Inisiasi gelar perkara bersama dari KPK ini, sebetulnya kelanjutan dari ekspos kasus serupa yang sudah pernah dilakukan Bareskrim Mabes Polri, pun Kejakgung. Bareskrim, pada Jumat (14/8), bersama KPK menggelar perkara bersama kasus Djoko Tjandra di Mabes Polri. Gelar perkara serupa, dilakukan JAM Pidsus, dengan mengundang KPK, Bareskrim Polri, pada Selasa (8/9).
Dalam skandal terpidana Djoko Tjandra ini memang lintas institusi penegakan hukum. Penyidikannya di Bareskrim, sudah menetapkan lima orang tersangka. Selain Djoko, dua tersangka di antaranya adalah perwira kepolisian aktif, Irjen Napoleon Bonaparte, dan Brigjen Prasetijo Utomo. Kedua jenderal itu, diduga menerima uang suap, dan gratifikasi dari Djoko Tjandra, senilai 20 ribu dolar AS (Rp 296-an juta) lewat peran pengusaha Tommi Sumardi yang juga berstatus tersangka.
Uang tersebut, diduga terkait dengan pencabutan status buronan Djoko Tjandra di interpol, dan imigrasi, serta pembuatan surat, serta dokumen palsu. Dalam kasus yang sama, Bareskrim juga menetapkan pengacara Anita Dewi Kolopaking sebagai tersangka. Sedangkan di Kejakgung, penyidikan dugaan suap, dan gratifikasi Djoko Tjandra menyeret jaksa Pinangki Sirna Malasari, sebagai tersangka.
Djoko pun ditetapkan tersangka di JAM Pidsus. Djoko diduga memberikan uang suap 500 ribu dolar AS (Rp 7,5) ke Pinangki. Uang tersebut, diberikan lewat perantara politikus Nasdem, Andi Irfan yang juga sudah ditetapkan sebagai tersangka.

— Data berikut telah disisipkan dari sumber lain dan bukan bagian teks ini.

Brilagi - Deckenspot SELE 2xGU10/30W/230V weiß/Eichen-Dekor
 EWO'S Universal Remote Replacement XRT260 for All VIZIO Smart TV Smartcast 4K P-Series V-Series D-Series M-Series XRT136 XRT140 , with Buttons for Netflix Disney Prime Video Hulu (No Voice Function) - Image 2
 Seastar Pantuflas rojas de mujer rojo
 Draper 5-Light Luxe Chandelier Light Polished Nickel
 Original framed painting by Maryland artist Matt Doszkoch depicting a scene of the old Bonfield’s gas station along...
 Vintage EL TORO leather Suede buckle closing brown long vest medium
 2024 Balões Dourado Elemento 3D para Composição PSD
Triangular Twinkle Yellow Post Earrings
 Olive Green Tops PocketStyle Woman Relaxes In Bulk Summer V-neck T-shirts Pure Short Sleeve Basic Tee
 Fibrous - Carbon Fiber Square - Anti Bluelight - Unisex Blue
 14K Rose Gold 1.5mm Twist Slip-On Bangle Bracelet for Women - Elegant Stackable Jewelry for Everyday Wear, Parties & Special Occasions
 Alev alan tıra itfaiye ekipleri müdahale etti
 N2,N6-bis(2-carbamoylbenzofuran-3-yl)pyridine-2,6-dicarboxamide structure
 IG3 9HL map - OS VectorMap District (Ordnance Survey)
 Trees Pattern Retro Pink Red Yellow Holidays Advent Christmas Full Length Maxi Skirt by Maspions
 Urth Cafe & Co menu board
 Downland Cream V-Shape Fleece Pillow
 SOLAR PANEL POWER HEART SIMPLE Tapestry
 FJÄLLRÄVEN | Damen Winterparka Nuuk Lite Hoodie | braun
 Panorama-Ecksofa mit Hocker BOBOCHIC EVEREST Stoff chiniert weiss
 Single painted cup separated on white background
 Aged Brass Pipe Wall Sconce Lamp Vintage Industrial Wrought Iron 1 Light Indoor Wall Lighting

Uang haram pemberian Djoko Tjandra tersebut, terkait dengan usaha Pinangki, bersama Andi mencari jalan membebaskan terpidana korupsi Bank Bali 1999 tersebut lewat jalur fatwa Mahkamah Agung (MA).
Keterlibatan jaksa Pinangki, Irjen Napoleon, dan Brigjen Prasetijo membuat KPK, sempat menyatakan akan melakukan supervisi, dan mengambilalih penanganan kasus tersebut. Karena Pasal 10 A UU 19/2019, KPK berwenang mengambilalih penanganan kasus korupsi, yang dilakukan aparat penegak hukum, seperti jaksa, pun kepolisian. Dugaan adanya keteralibatan hakim di MA, dalam suap upaya penerbitan fatwa bebas dari MA untuk Djoko Tjandra tersebut, membuat lengkap keterlibatan dugaan korupsi yang dilakukan para penegak hukum.